The gate isolation oxide can on most FET withstand +- 20 volts. The drain-source voltage can in off state be 100-200-300-400-500-600 volts or so. With more than 20 volts on the gate (gate-source) the oxide can be dammaged.
I hope my bad english solved some of your questions
ElCaron:
I am still totally oblivious concerning this. How can the switching cycle influence the current through the resistor? The circuit dosn't know when the next switching occurs.
The R is the total gate resistance (driver resistance, explicit gate resistor, internal
gate resistance - this is what limits the speed the gate capacitance charges).
When charging a capacitance via a resistance the time constant is RC, the switching time
is of very similar value to 1 time constant. Switching time is the time to switch, not the
time between switching events.
Ideally, the best way to drive hi power fets is with a dedicated FET driver, like one of these.
They are pretty cheap, usually around $1 or less, have sufficient current capacity (9 amps for this one) to turn a FET hard on and off in under 10 ns and can be driven by either a CMOS or TTL input , so you can drive them straight from an Arduino output pin.
Fet drivers are pretty common ICs , so lots of manufacturers make them.
@Pelleput: I am not sure if I understand you correctly, but you seem to agree with my posting from September 06, 2014, 10:36:12 am (do you all see the same timestamp, or is that timezone dependent? Doesn't matter, we are in the same zone :))
@MarkT I did understand that. What I don't understand is how a wrong choice of the resistor can blow the MOSFET due to a high voltage:
Consider the drain switching 100V in 100ns, and gate-drain capacitance of 50pF,
that's 50mA fed-back to the gate, which would put 28V on the gate if it was driven
through a 560 ohm resistor, causing the gate oxide to fail and the device would
explode (that's how high power MOSFETs fail).
I understand that you would NEED 28V to drain the capacitor that fast, but I don't see how it could PUT 28V anywhere, that weren't there before. And if they WHERE there before (because the gate voltage is also 100V, for example), I don't understand why they were harmfull just then.
Anyway, in general: For the IRFZ44N, V_GS,max is +-20V. V_DSS is 55V. Say I wanted to switch 50V. Would I still need to supply at least 30V on the gate for the OFF state, because else the V_GS would be higher than 20V?

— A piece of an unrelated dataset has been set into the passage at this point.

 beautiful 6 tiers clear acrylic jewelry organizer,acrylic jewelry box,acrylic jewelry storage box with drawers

Also, we are talking about 10kHz PWM and 100ns switching times all the time. The Arduino PWM is only about 500Hz. Do you think that is not enough for PWM dimming and will flicker? What would be the best way to get a higher frequency? Fiddling with the timers seems dirty ...

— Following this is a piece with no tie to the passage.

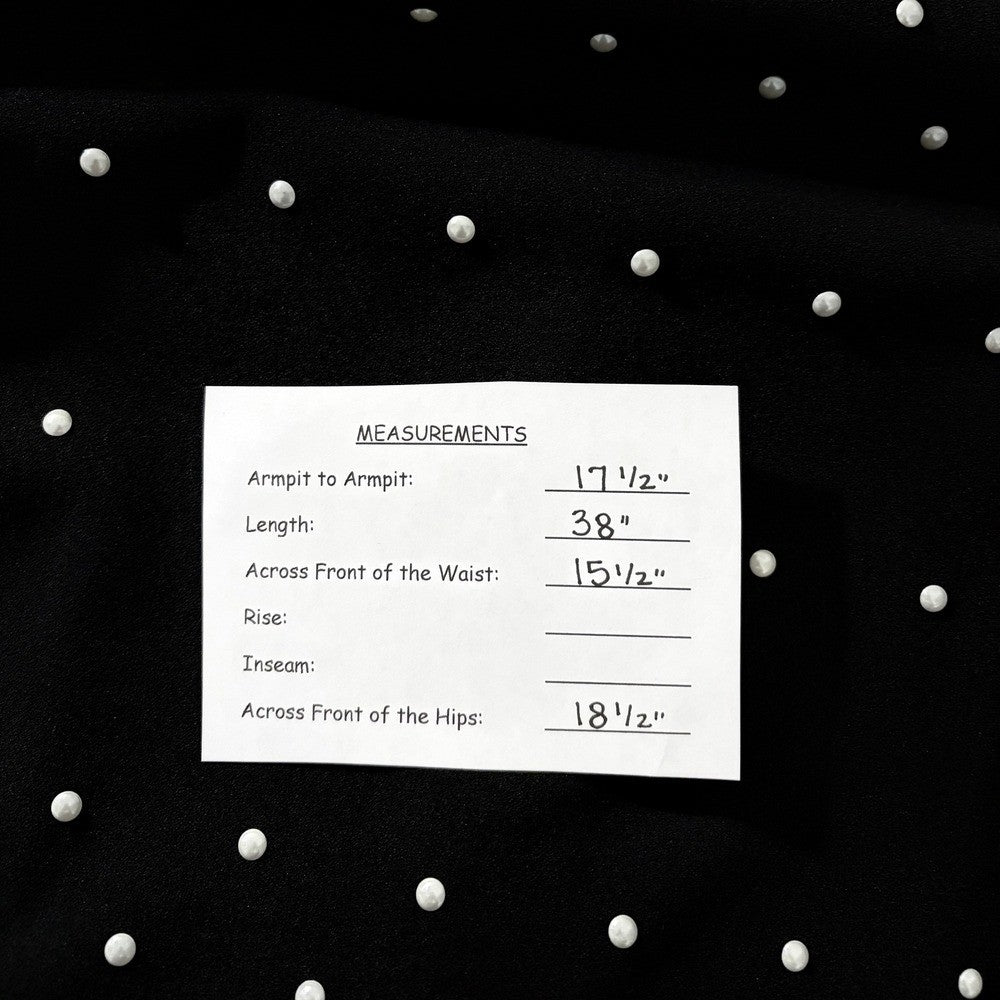 NWT!! MING WANG Heritage Fit Embellished Crepe Sheath Dress Black Pearls X-Small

Is this one OK for a driver chip? ON Semiconductor MC34151D, and, MC34151P datasheet pdf
I can get it a little cheaper than the proposed one above and it has two independent outputs, which especially becomes interesting when switching RGB strips (then I only need two chips instead of 3).
Those are inverting drivers.
They will work , but will reverse the PWM output state of your Arduino so that PWM = 0 will be full on.
Try and find a non inverting driver.